第38章(第1/4 頁)
塗曜聲音冰冷:“你說將何處徵用?”
右相心裡一抖,硬著頭皮若無其事道:“秋闈是楚國大事,若是能將公主的府邸騰出,也能看出國君禮賢下士,求賢若渴之心……”
塗曜冷冷道:“右相的宅邸也在秋闈考場周遭,不如右相將自家宅院騰出,彰顯你禮賢下士的一面吧。”
右相張口結舌:“……可本相一家老小都在宅中,並不閒置……”
“不閒置嗎?”塗曜眼底染上陰鷙之色:“不如讓朕出手幫你閒置?”
這句話暗藏血腥,右相不由得打了個寒顫。
塗曜生性嗜殺,若真的惹怒了他,恐怕瘋魔起來誰都擋不住。
右相下意識地搬救兵:“陛下,這是我楚國之事,雍國國君如此干涉,是否於禮不合?”
“雍國國君和孤如同一人。”楚稚早就想整治右相,此刻自然順水推舟:“雍國國君的意思,就是孤的意思——右相,既然公主的府邸動不得,你也說要禮賢下士,不若就將丞相府讓渡給考生們使用吧。”
右相臉色陰晴不定,但最後還是應了聲是,憋著氣告退了。
塗曜定定地望著楚稚,唇角不由得翹起。
如同一人,不分你我。
也不知為何,這些話從楚稚嘴裡說出來,就那麼地動聽。
至於右相。
塗曜眼眸冷了幾分。
聽聞此人經常和楚稚作對,便已經想將此人除去,如今此人又自己作死,竟然敢說寶華的宮殿已經荒廢!
就他丞相府家大業大?
塗曜緩緩眯眸。
無妨,過不了幾日,定要讓他人去樓空。
*
大殿之中,楚稚翻閱之前的奏疏文字,向來溫潤的面色逐漸冷峻。
“楚國上年產量五千五百多石,上繳後存貯於各地糧倉,今年雖然是大旱之年,但靠著之前積累的存糧,楚國本該能度過這次劫難!”

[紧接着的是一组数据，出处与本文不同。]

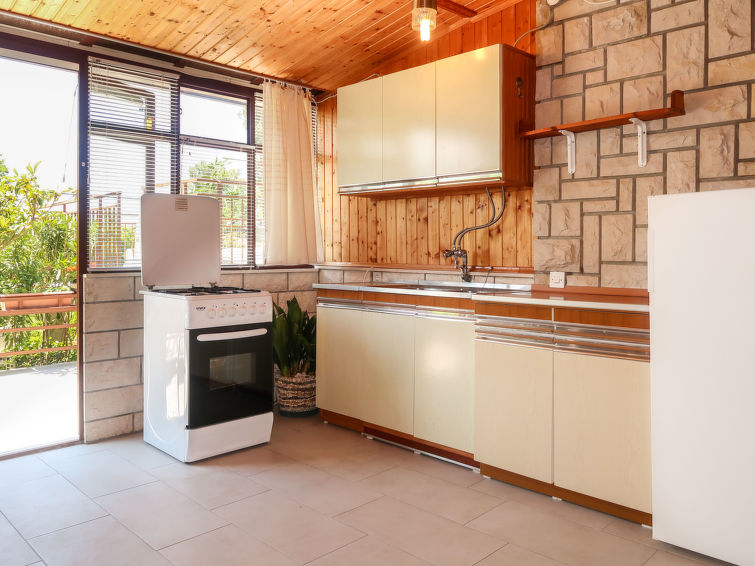 Apartment Visnja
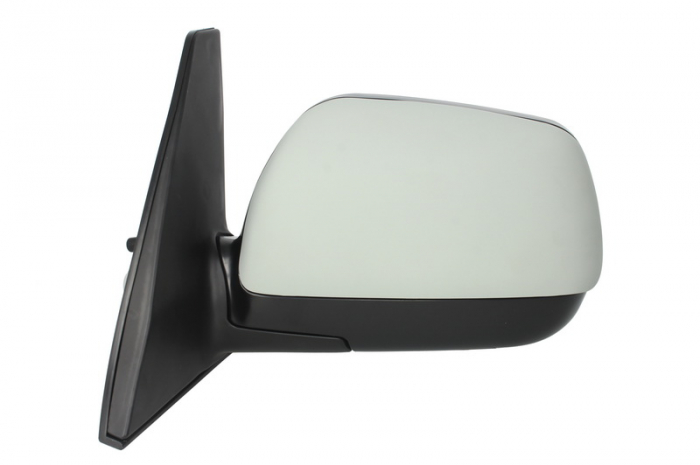 Oglinda stanga electrica incalzita, grunduita TOYOTA RAV 4 intre 2005-2011 [2]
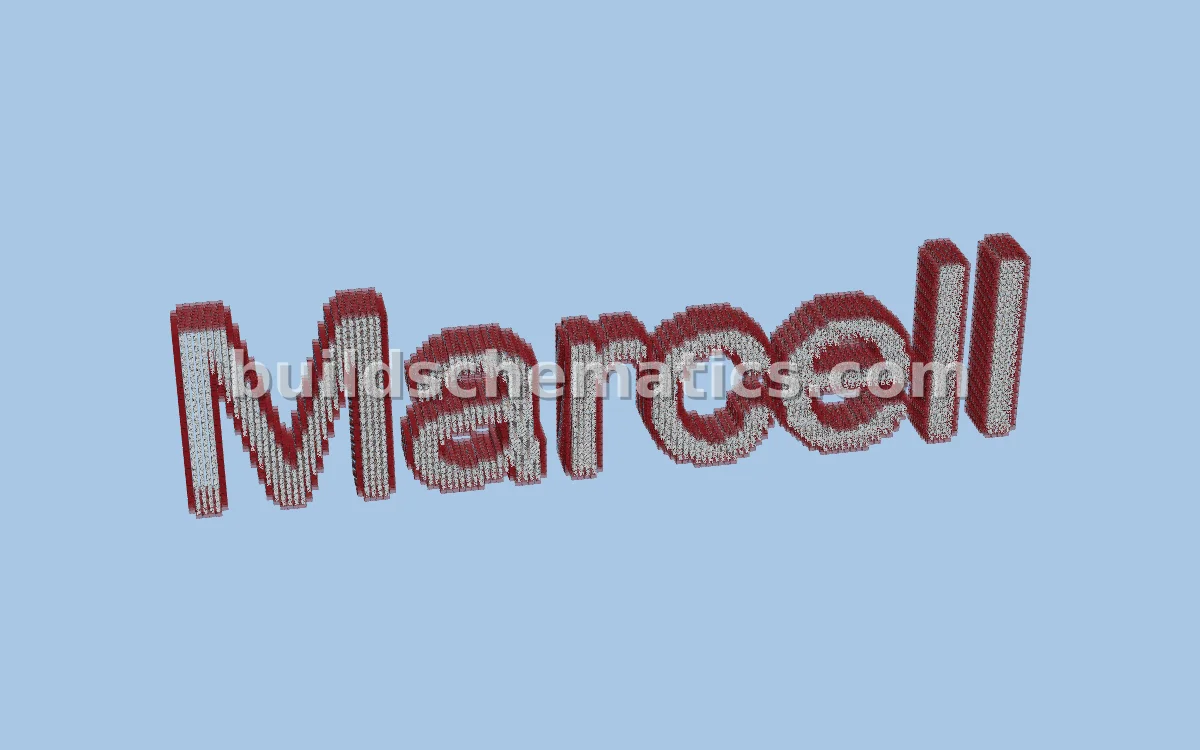 Marcell Structure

孟守輕聲道:“陛下說得沒錯,只是事後官府拿出的救濟糧,遠遠未達到,甚至不及去年存糧的十分之一。”
不必說,也知道那些糧食定然是被這些官府蛀蟲鑿空了。
楚稚聲音冰冷:“所以今年楚國的災情,除了天災,更是人為所致。”
楚稚看著各地送上來的災情摺子,氣得指尖發顫。
在現代,身邊人至少都是衣食無憂,哪裡見過易子而食的慘劇?
可如今楚國百姓,交出了自己勤勞耕耘的糧食,卻得了個家破人亡的結局。
朱門酒肉臭,路有凍死骨。
楚稚氣得在殿中踱步,冷聲道:“去歲糧食是哪些官員在負責?將他們全部捉拿進京審問!”
“陛下心繫百姓,但此事還需從長計議……”孟守嘆氣道:“今年楚國的存糧,本也不至於鬧出饑荒,說白了,還是因為有太多官員從中私扣,以至於賑濟百姓的糧食被挪走他用。”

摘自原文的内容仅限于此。